米蘭達案。1963年3月3日,曾有過諸多犯罪記錄的劣跡青年米蘭達駕車將一名18歲女性擄入車中並強暴。受害人報案後米蘭達立即被抓獲,自知罪責難逃的米蘭達見到警察立即如實供述了全部罪行。亞利桑那州刑事法院以綁架罪和強姦罪判處其有期徒刑30年。但事後米蘭達以警察訊問時沒有告知自己公民權利為由提起上訴,最高法院支持了米蘭達的上訴理由,裁決口供予以排除,本案現有證據不能定罪,被告人獲釋並由此確定了著名的「米蘭達規則」。該規則確定後,一審證據全部被推翻,警方對這一重罪案件只能重新啟動偵查程序。然而僥倖逃脫法網的米蘭達惡行不改,有一次喝多了酒後,居然在自己女友面前吹噓強姦那個女孩的詳細過程,其女友氣憤難耐跑到警局告發,警方憑藉這組新證據認定米蘭達強姦罪成立。1972年米蘭達假釋出獄,1976年他再次混跡酒吧,與人發生鬥毆並被刺身亡。警察逮捕了一個嫌疑犯並依法向他宣告了「米蘭達規則」,嫌疑犯按照米蘭達規則行使沉默權。警察未能找到其他有罪證據,該嫌疑犯只好被釋放。後來這起案件最終未能找到真正犯罪者,沒有人因此被起訴定罪,米蘭達成為一起無頭案件的犧牲品。
辛普森和米蘭達意外地有了相似命運,僥倖逃脫法網後最終受到法律制裁。但我們決不能因二人囚服加身而額手相慶,不能在實現報應目的中尋找快感,尤其是不能因他們有不好的人生結局帶著幸災樂禍的心態去譏笑、嘲諷他們。我們應當深深地同情他們,他們的犯罪與其他所有人的犯罪一樣,都是受害人的不幸和犯罪者的悲劇。從法治建設的角度,我們甚至應當感謝他們,米蘭達案件形成了關於沉默權的規則,辛普森案件雖然沒有規則,但那種「超越合理懷疑」的定罪標準以及無罪推定的刑罰理念同樣彌足珍貴。辛普森和米蘭達都曾僥倖地逃過了刑事追究,雖然曾讓許多善良的人感情上難以接受,但他們的能夠「逃脫」不一定就是法律的失敗,這種寬宥和容忍恰恰反映了司法工作近乎苛責的嚴謹,折射出司法權對公權力的嚴格約束和對公民權利的充分保護。辛普森和米蘭達成為
程序正義的標誌性人物,客觀上為人類司法制度中的程序正義問題做出了重要貢獻。
他們的被追究,決不是簡單的佛陀思想中的「因果報應」。雖然中國一直有「因果循環,報應不爽」的古訓,民眾也有「惡有惡報」的樸素道德觀,但在這兩起案件中,我們應當更多的關注制度文明。辛普森和米蘭達二人先前的被放縱和後來的被懲罰,不是冥冥之中的神祗靈驗,而是司法擺脫專制與蒙昧後走向民主與文明的必然,不論「放縱」還是「追究」,都是司法制度得到嚴格遵守的結果。雖然兩起案件審理中正義女神沒有做到我們所期待的「遊刃有餘」,但正義最終在他們身上得到了充分體現。雖然事後二人各因自己的行為重新受到懲罰,但這種追究只是個案在實體正義上的一次小小勝利,其價值遠遠小於他們先前的被「放縱」,敢於容忍他們第一次的「掙脫」,才是整個人類司法制度的重要勝利。

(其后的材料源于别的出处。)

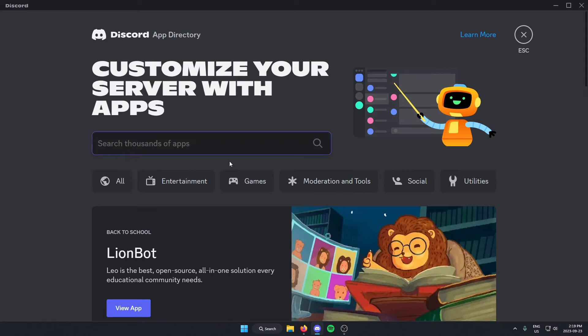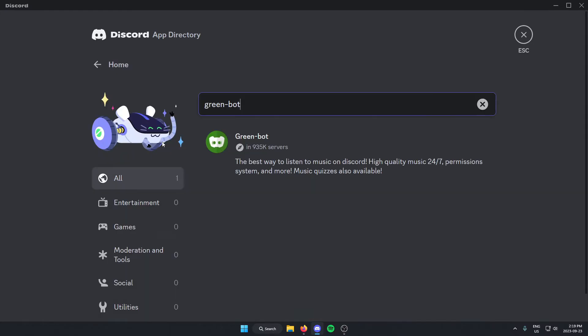From here, you're going to see a search bar. And in this search bar, you're going to search for GreenBot. That's Green-Bot. And hit Enter to search.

當然,如果在殺妻案中辛普森被定罪處罰,就可以消解民眾對司法不公的質疑,也完全能夠防範他後來的盜竊、搶劫等斑斑劣跡;如果米蘭達的「沉默權」主張被駁回,據警方第一次偵查所得證據定罪處罰也絲毫沒有冤枉他。但是,這樣的裁決充其量只是實現了兩個帶有瑕疵的正義,而這種正義目標下很可能隱藏一些不公正甚至完全錯誤的案件,這種正義是有風險的正義,其給司法公正和公民權利的保護將埋下重重隱患。司法機關如果給自己的輕率和自信留下絲毫僥倖,其給當事人將帶來滅頂之災,尤其是作為實體公正的關鍵屏障,程序正義的堤壩上決不能存在一絲縫隙。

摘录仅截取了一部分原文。